Ludwig Hartmann, Grüne: Fast-OB in Landsberg, Direktmandat in München

Seit 2008 sitzt der Kommunikationsdesigner Ludwig Hartmann im Landtag, seit 2013 ist er einer der beiden Fraktionsvorsitzenden von Bündnis90/Die Grünen. Kurz davor wäre der zweifache Familienvater aus Landsberg am Lech beinahe der erste grüne Oberbürgermeister Bayerns geworden - mit 49 Prozent unterlag er in der Stichwahl in seiner Heimatstadt dem CSU-Rivalen nur knapp. Dafür holte er bei der Landtagswahl 2018 in seinem Wahlkreis München-Mitte mit 44 Prozent der Wählerstimmen das Direktmandat.

Bekenntnis zum Auto im ländlichen Raum

Für manche vielleicht überraschend kommt Hartmanns Antwort auf eine Zuschauerin, die angibt, auf dem Land nicht ohne Auto auszukommen: "Im ländlichen Raum wird das Auto auch weiter die erste Form der Mobilität sein". Deshalb, so Hartmann, solle es "ein sauberes Auto sein - und nach Möglichkeit in Bayern hergestellt werden".

Der Staat habe aber die Pflicht, dafür zu sorgen, dass zumindest Zweitautos überflüssig werden - und auch ältere Menschen mobil bleiben könnten. Statt Busse permanent leer fahren zu lassen, ginge das mit "On-Demand-Angeboten" wie etwa Sammeltaxis.

Bahnverkehr in Bayern: "Ein Armutszeugnis"

Und natürlich ist auch die Bahn ein Thema. Bei der Verbesserung regionaler Verbindungen und Takte sieht Hartmann die bayerische Staatsregierung in der Verantwortung - ebenso bei der schon zu Anfang von einem Zuschauer bemängelten viel zu zögerlichen Verlagerung des Schwerlastverkehrs auf die Schiene.

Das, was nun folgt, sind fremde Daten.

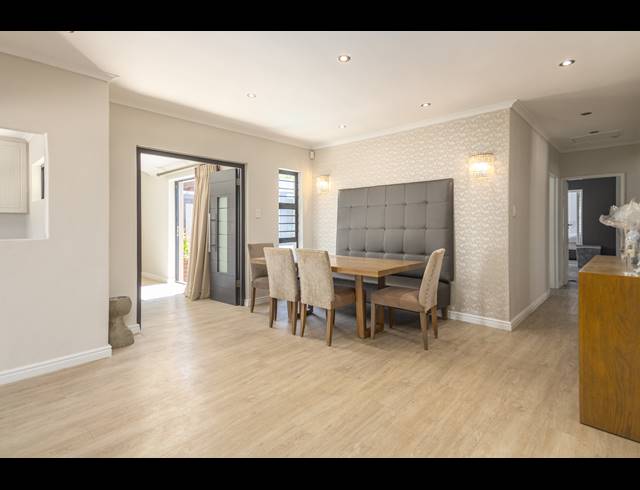 3 BEDROOM FREESTANDING RENTED IN VAN RIEBEECKSTRAND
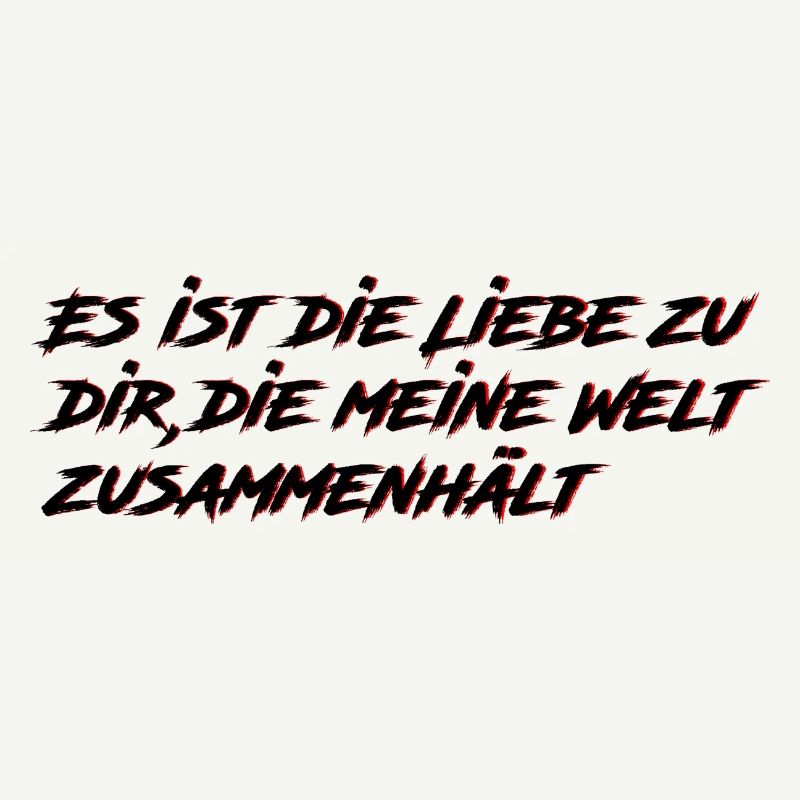 Liebes Spruch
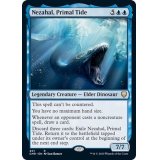 [EX+]原初の潮流、ネザール/Nezahal, Primal Tide《英語》【CMR】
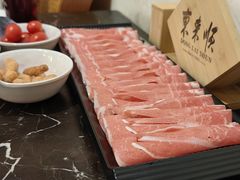 -东来顺饭庄(金泉广场店)
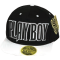 Playboy Snapback Summer Hats Wholesale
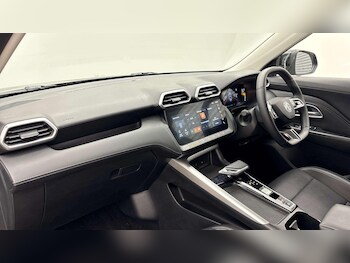 Used MG MG ZS 2024 for sale - 77305557: Photo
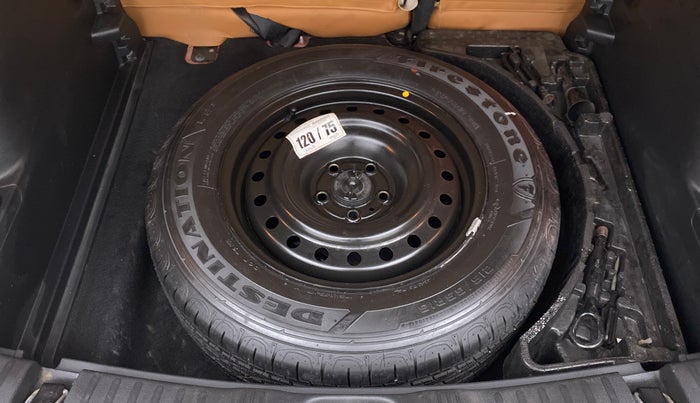 2018 Jeep Compass 2.0 LONGITUDE, Diesel, Manual, 89,228 km, Spare Tyre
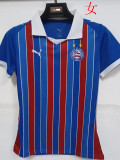 26/27 BaHia Away Women Soccer Jersey#女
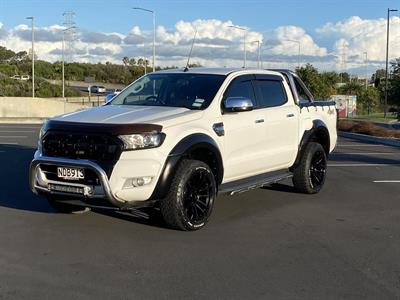 2016 Ford Ranger - Thumbnail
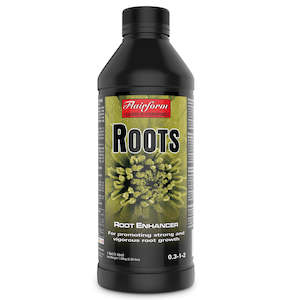 Flairform - Roots 1L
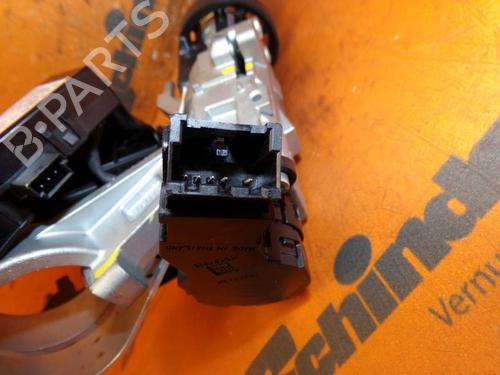 Ignition barrel OPEL CORSA E (X15) 1.4 Turbo (08, 68) | BP33154093M48  - Image 7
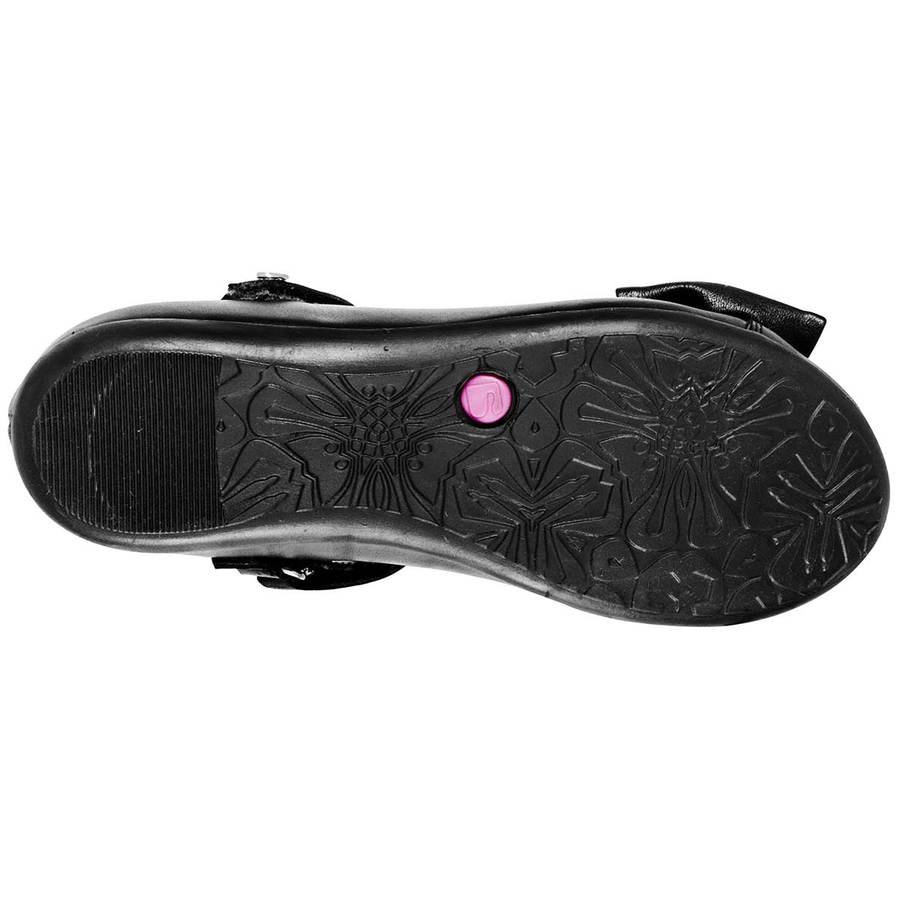 Zapato Casual para Mujer COQUETA 31108A Negro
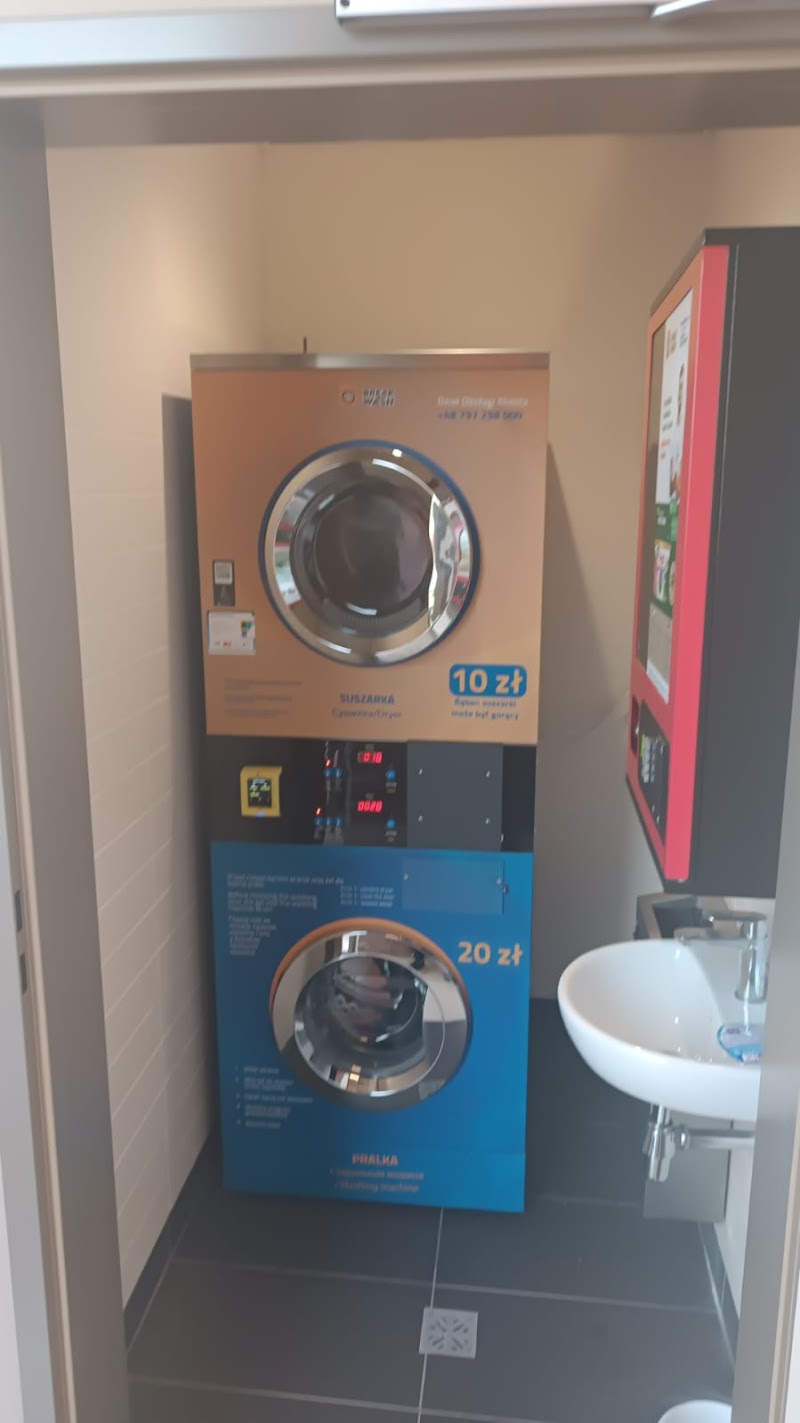 Break&Wash
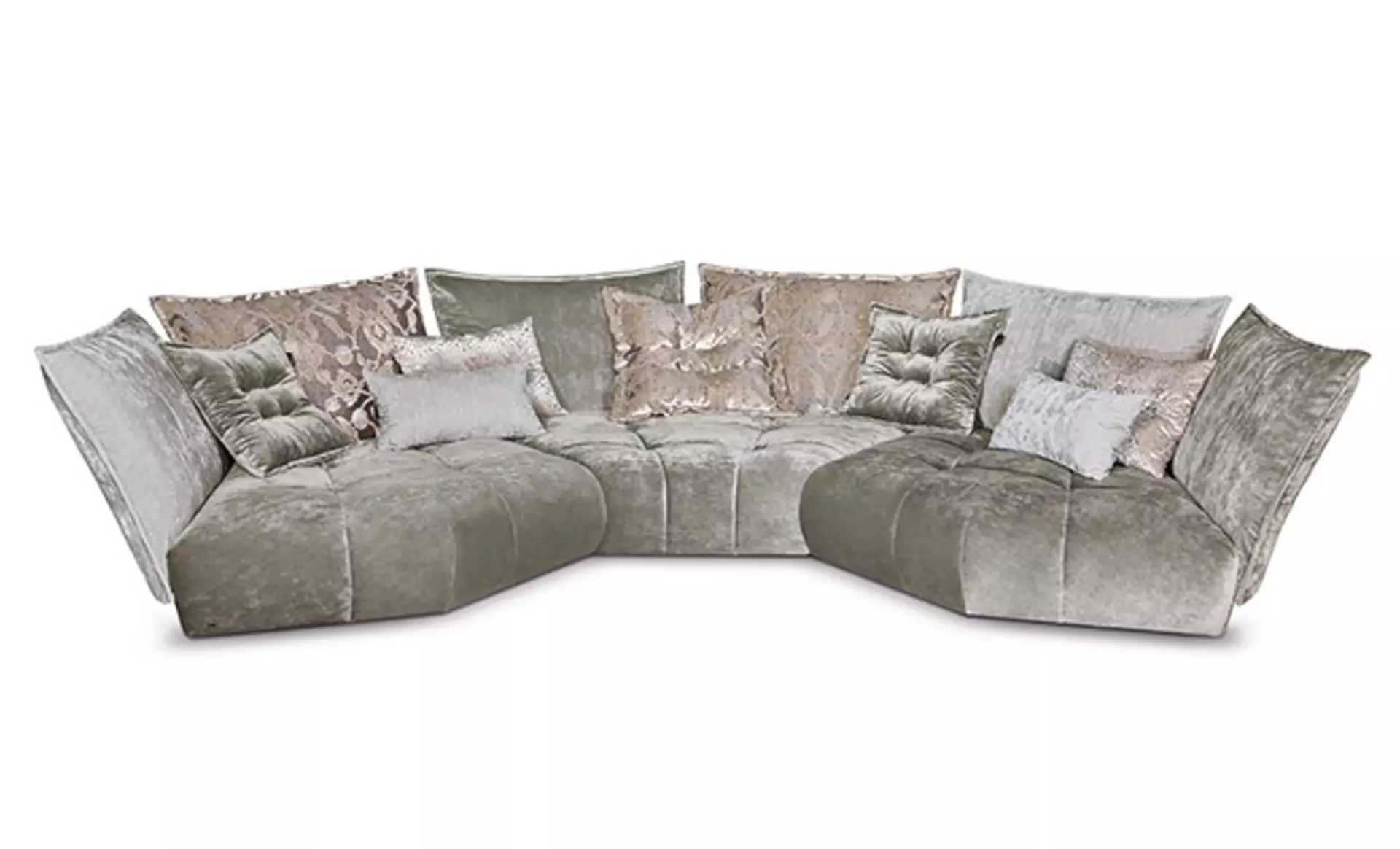 Bretz Sofa Modell Matilda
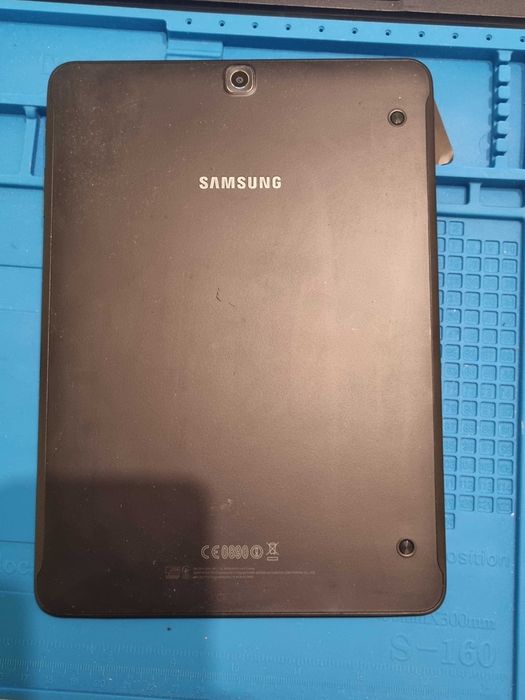 Планшет Samsung  Galaxy Tab S2 9.7 (SM-T819)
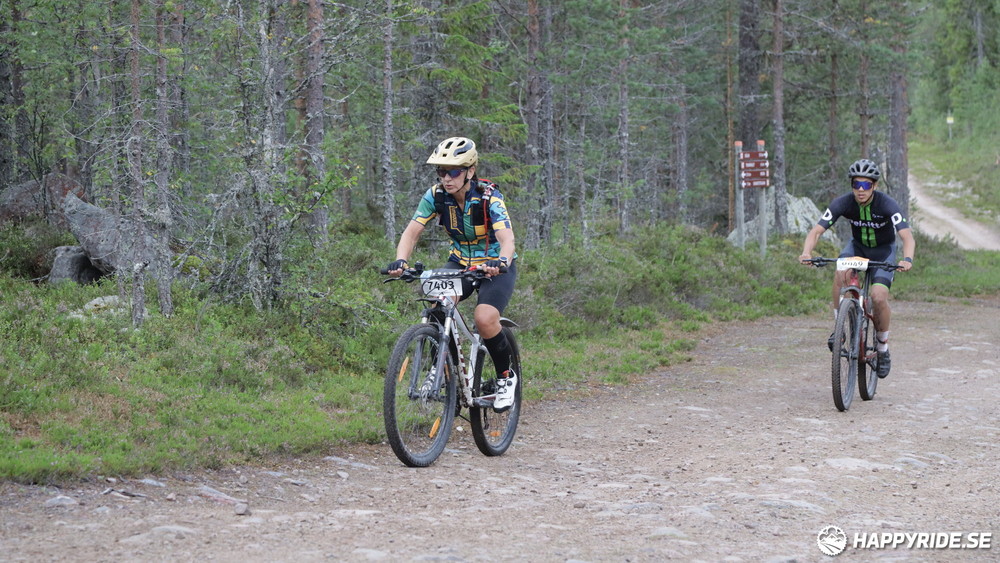 Bild från Cykelvasan 2024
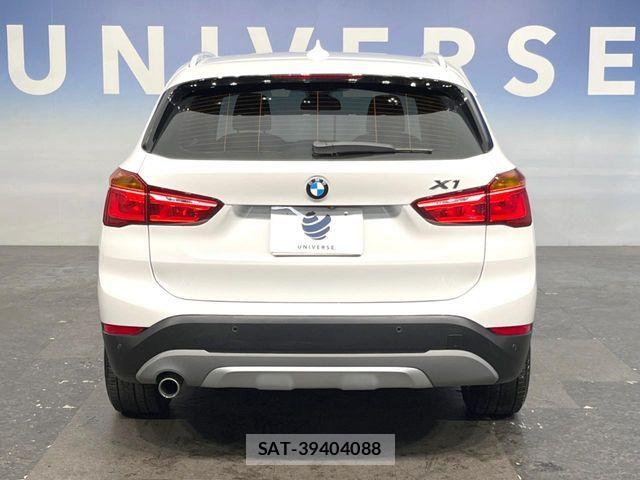 Bmw X1 2018-01 7215491-16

Die Bundesregierung ihrerseits habe beschlossen, dass die Mauteinnahmen aus dem LKW-Verkehr zum Großteil in den Ausbau der Schienenwege fließen sollen - Bayern hinke mit seinen Planungen aber hinterher: Es sei "ein Armutszeugnis, dass der Brenner Nordzulauf in Bayern zehn Jahre Planungsverzug hat. (...) Dann passiert Folgendes: dass an der Grenze in Kufstein der Tunnel Autos ausspuckt, die in Deutschland wieder auf der Straße sind."

Pflege: "Gießkanne allein reicht nicht aus"

Andere Themen kann die Diskussionsrunde nur streifen: etwa die Frage, ob Ausländer in Deutschland bei entsprechenden Sprachkenntnissen schneller eine Arbeitsgenehmigung bekommen sollten (was Hartmann fordert), die Erbschaftssteuer (die Hartmann verteidigt) und den grünen Vorschlag, auch in Bayern schon ab 16 wählen zu dürfen.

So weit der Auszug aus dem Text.